### ASSIGNED TASK
What you copy should be the lines from the one with "Jewel Grouper, Cephalopholis" through the end of the entries, word for word. Omit the pictures.

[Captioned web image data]
***
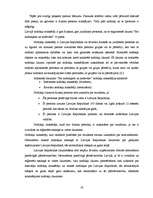 Diplomdarbs 'Nodokļu administrēšana un uzskaite VID', 19.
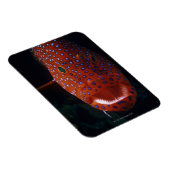 Jewel Grouper, Cephalopholis miniata Magnet (Rechte Seite)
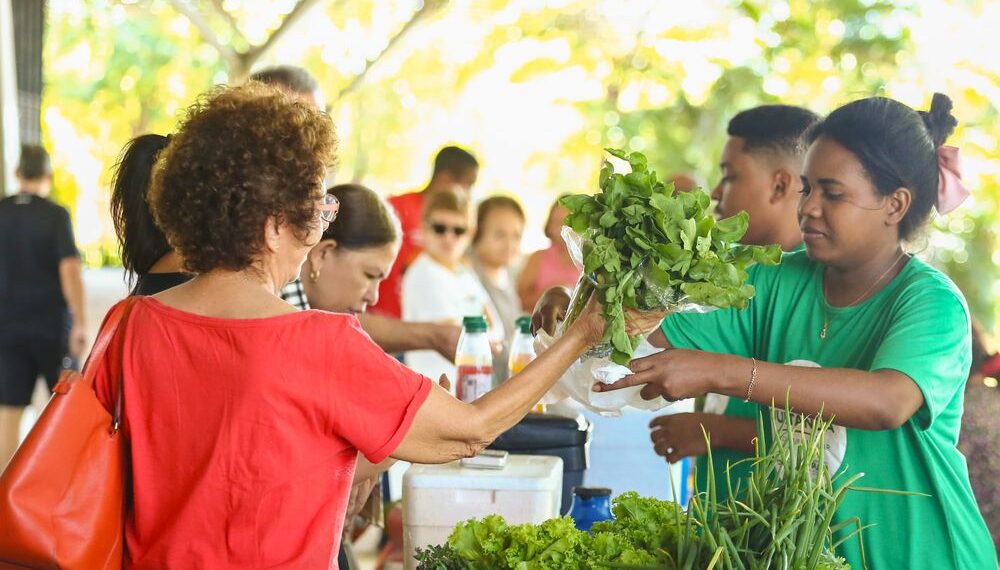 Alta na produção de hortaliças impulsiona vendas na Quitanda da Agricultura Familiar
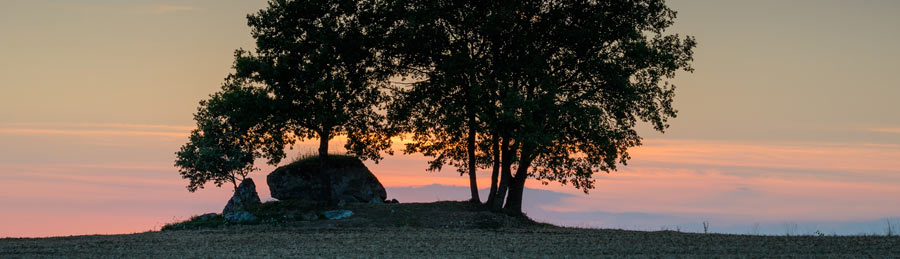 Les Bâtisseurs de Mégalithes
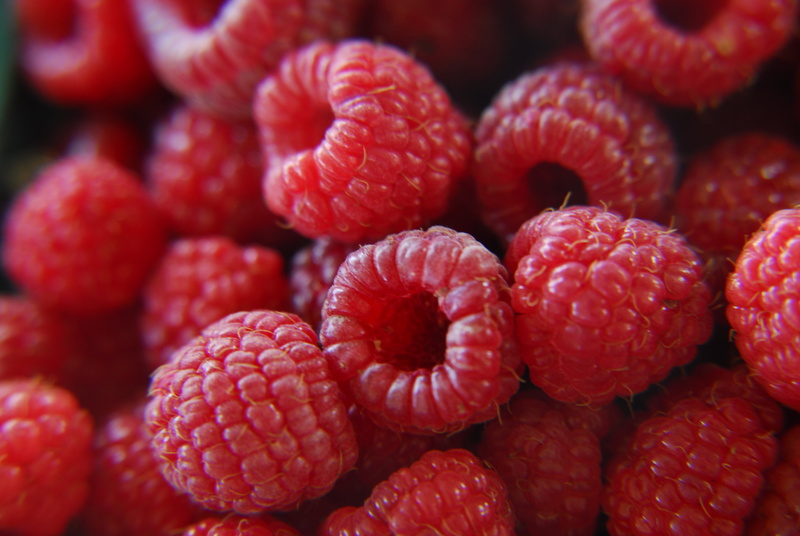 dessert, red raspberry, sweet Food, gourmet, berry Fruit, Fresh raspberries, refreshment, nature, fruit, food, red, organic, D200, raspberry, 4K, pile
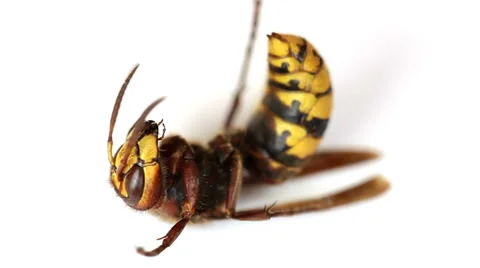 Wasp isolated on white background Stock Footage 35568359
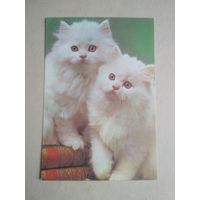 Карманный календарик.Кошки.1995 год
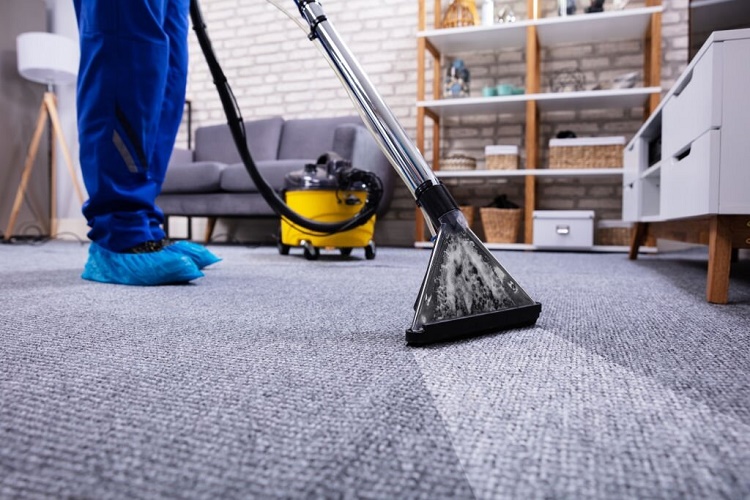 Benefits of Getting the Carpet Cleaned By Professionals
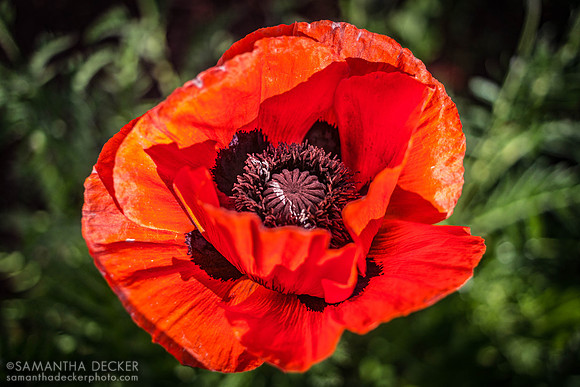 The Poppy of Oz, Chittenango, NY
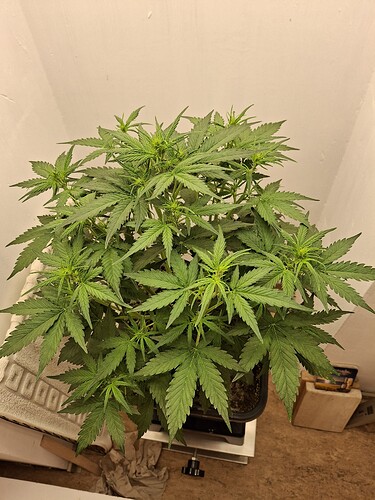 Growreport Bild 76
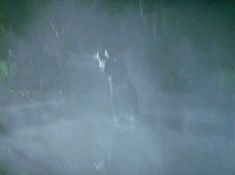 Голая Полли Шеннон в фильме «Соседка» фото #4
***
### ANSWER TO THIS EXERCISE
 Jewel Grouper, Cephalopholis miniata Magnet (Rechte Seite)
 Alta na produção de hortaliças impulsiona vendas na Quitanda da Agricultura Familiar
 Les Bâtisseurs de Mégalithes
 dessert, red raspberry, sweet Food, gourmet, berry Fruit, Fresh raspberries, refreshment, nature, fruit, food, red, organic, D200, raspberry, 4K, pile
 Wasp isolated on white background Stock Footage 35568359
 Карманный календарик.Кошки.1995 год
 Benefits of Getting the Carpet Cleaned By Professionals
 The Poppy of Oz, Chittenango, NY
 Growreport Bild 76
 Голая Полли Шеннон в фильме «Соседка» фото #4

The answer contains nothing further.